Bu istemi, başta TESEV kurucusu Kemal KILIÇDAROĞLU ve çoğunluğu SOROS destekli kimi vakıflarda üyelikleri bulunan parti meclisi üyelerinin hemen hepsi destekliyor. Bu nedenledir ki, onların sözcülüğünü yapan TR-705 olarak bilinen, Genel Başkan Yardımcısı Sezgin Tanrıkulu “İşgalinizi dört gözle bekliyoruz, dükkân sizin gençler” söylemi ile parti meclisinin ortak görüşünü dillendiriyor.
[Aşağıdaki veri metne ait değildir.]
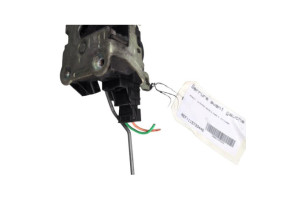 Serrure avant gauche RENAULT MASTER 2 Photo n°1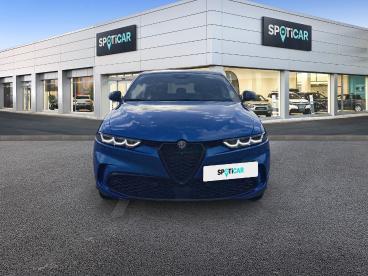 ALFA ROMEO CERTIFIED Alfa Romeo Tonale 1.5 Mild Hybrid Veloce Ab 5,49% Gebraucht - Suv  Blau - Duesseldorf - 1161983_2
Atatürksüz ve altı ok’suz, Kemalist ideolojiden arınmış bir CHP için “occupyCHP” eylemine destek veren CHP MYK üyelerinden bazıları hakkında kısa açıklamalar yaparsak durum daha iyi anlaşılacaktır. George SOROS kuruluşlarının Türkiye’de öne çıkmış en önemli siması olan Prof. Dr. Binnaz TOPRAK, AB kurumları ve SOROS vakıflarıyla sıkı ilişkisi olan, TESEV ve Açık Toplum Enstitüsü adına sendikal çalışmalar yürüten Perihan SARI, SOROS’un Amerika’daki merkez vakfı Open Society Institute’un da lisanslı araştırmacılarından Doğa ÇİĞDEMOĞLU
Sahnelenen şu oyuna bakın.
Yerel seçimlerde, CHP MYK’nın yanlış siyasal tercih ve politikaları nedeniyle bir hezimet yaşanıyor. Artık “burnundan soluyan” CHP seçmeni bu yenilginin sorumlularından hesap sormak istiyor. Tam da bu aşamada SOROS’un kızları ve oğulları tarafından pışpışlanan "occupyCHP” eylemcileri sahneye fırlıyorlar. Böylece bir taşla iki kuş vuruluyor. Bir yandan “burnundan soluyan” CHP seçmeninin gazı alınmış, öfkeleri tamponlanmış, diğer yandan İçinde Kemalizm ve Mustafa Kemal olmayan bir CHP’ye yelken açan yönetim, hezimeti nimete çevirerek bu amaca ulaşmada önemli bir adım daha atmış oluyordu.
CHP’nin geçmişine düşman, SOROS’çu genç sivillerini çağrıştıran "occupyCHP” eylemcilerinden ve “Atatürk’ü geçmişte bırakalım”, “Emperyalizmin iyi yönleri de var, onlardan faydalanalım”, “Atatürk’ün ilkeleri miadını doldurmuştur” diyen SOROS beslemelerinden CHP kurtulmadıkça, bu kaostan her zaman küresel çeten kazançlı çıkacaktır.